On Tue, 06 May 2008 17:02:10 +0200
Roland Scheidegger <[EMAIL PROTECTED]> wrote:

> Yes, that's the primary reason. But it's in any case not obvious why
> more phases would be faster.
> Though I've got some vague theory here. When I did some performance
> measurements on rv250 some years ago, I remember that basically you got
> 1 alu instruction for free for each texturing "instruction" (so if there
> were 4 texturing instructions performance was exactly the same if there
> were 1-4 alu instructions). I never ran tests to see how this behaves
> when using more than 1 phase (well rv250 has only 2 anyway), but
> basically phases should still work the same on r300 (obviously, with
> more phases, more alu / tex slots). It might be possible that the chip
> only can schedule tex/alu instructions together (so it'll execute alu
> instructions from one pixel quad while executing texture fetches on
> another), in which case if you have less alu instructions (or texture
> instructions) those instruction slots are basically wasted. If that
> theory would be true, it would be best to have the same amount of
> texture instructions and alu instructions per phase (or possibly more
> alu instructions than texture instructions, since trilinear probably
> takes 2 cycles and aniso might use even more, whereas all alu
> instructions are single-cycle).
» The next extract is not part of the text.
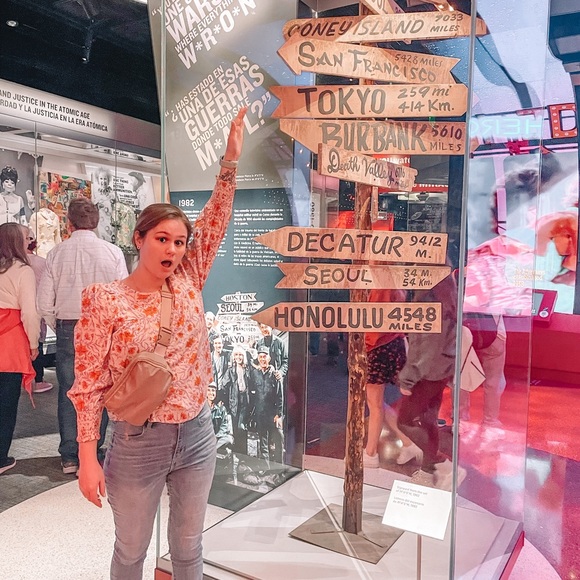 Meet your Posher, Mara - Picture 2 of 6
Just a guess though...
> 

That sounds like a correct explication, as stalling gpu for waiting
or not for texture likely would not show massive performance improvement.
So my thinking of gpu being stall while texture are fetch is likely
wrong. So r3xx/r4xx likely have some kind of scheduler, save pixel stack
frame and restore it when you go back to the first quad. I guess looking
through old review should give us some clue.

If this is the case then the key is not put as much alu instructions
as possible in a node but to find a good balance btw the number of
texture fetches instructions and the number of alu intructions in a node.